Acontece que com a linguagem digital colocada em circuito pela rede eletrônica, os jovens de agora estão chegando à fase de consumo de informações, por bem ou por mal, estão voltando à expressão literária, rudimentar embora, mas sujeita ao aprimoramento natural determinado com a própria necessidade de se exprimir.

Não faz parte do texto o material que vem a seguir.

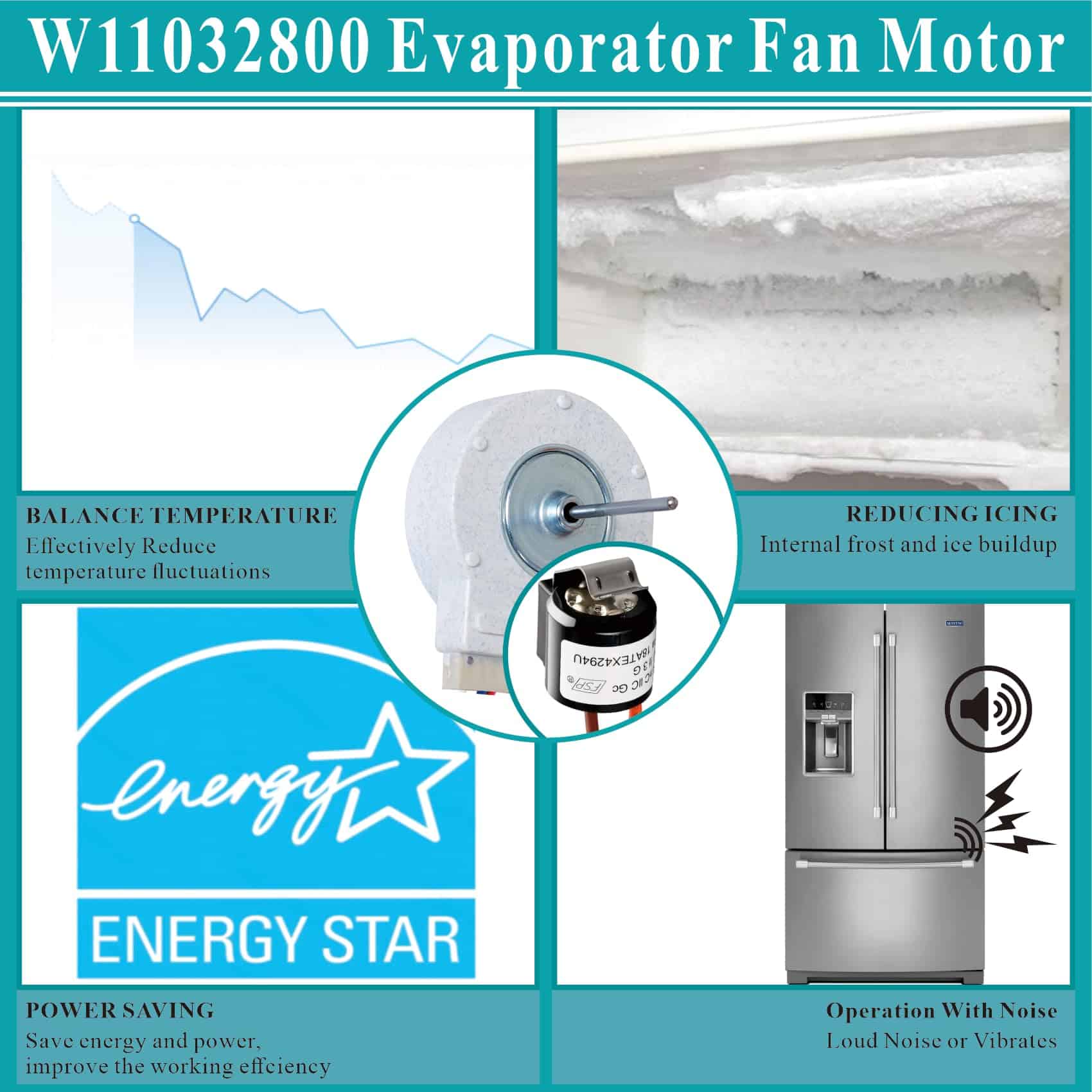 Motor del ventilador del evaporador W11032800 actualizado - Imagen 7
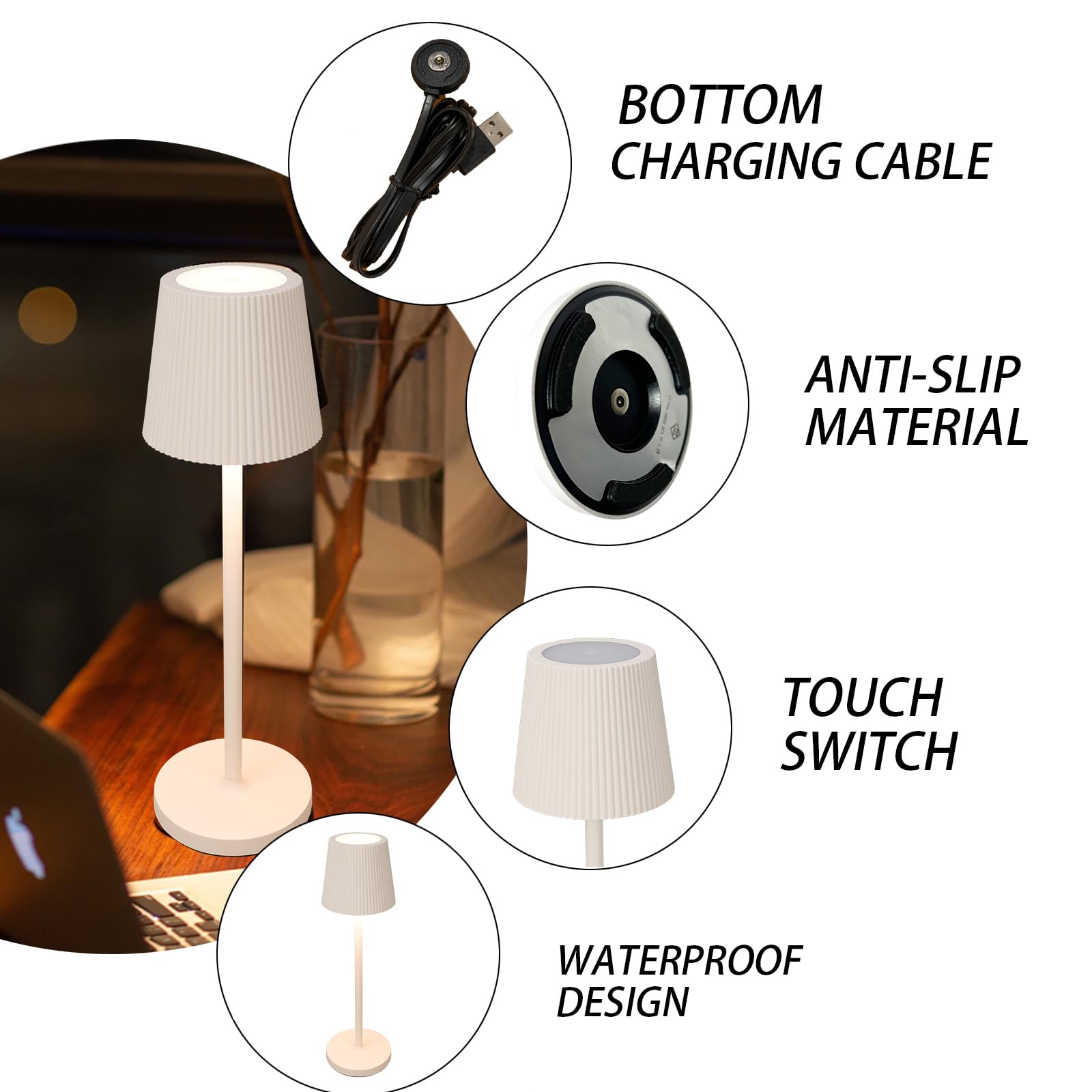 KDG Modern Cordless Small Table Lamps, Portable LED Dimmable Desk Lamp, 5000mAh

Não faz muito, um jovem normal, independente de sua escolaridade, possuía um vocabulário padrão paupérrimo, reduzido ao mínimo, ao “morou”, ao “cara” e a outras simplificações que, de certo modo, eram bastantes para a comunicação entre os iguais. Com a chegada dos e-mails, dos sites virtuais, essas necessidades aumentaram e, embora continuem a ser usados símbolos, ícones e imagens, nota-se que a palavra impressa literariamente é indispensável. Daí a sobrevivência da linguagem propriamente dita, em sua forma convencional, que não será vencida pela linguagem meramente visual e animada.
É impossível deter a geléia que isso começa a provocar na cabeça dos meninos de 10 e 12 anos, que sentem necessidade cada vez maior da comunicação impressa. Aos poucos, eles estão descobrindo o universo literário em sua acepção mais clássica, precisam lidar com sujeitos e complementos, dar valor a determinadas palavras, juntá-las de forma articulada e pessoal. Ou seja: o retorno à literatura. E, gradualmente, esse universo irá se ampliando. É impressionante o número de e-mails que recebemos de jovens, na fase de 14 e 15 anos, divagando sobre temas variados, e muito deles insensivelmente, apelando para pequenos contos ou crônicas, recurso impensável antes Dan internet, pois só era usado em salas de aula e ajudavam formar o desdém pela linguagem literária impressa.
Discutir a sobrevivência do livro, como objeto material, é ocioso. Como produto industrial, ele estará sujeito às transformações da técnica e da circunstância. Agora, o espírito da letra, a necessidade da letra como símbolo de expressão, reflexão e comunicação, isso nada tem a tirar da linguagem digital. Pelo contrário: ela ajudou a velha letra, que n ossos ancestrais grafaram na pedra ou na madeira, a vencer a força e a comodidade da imagem.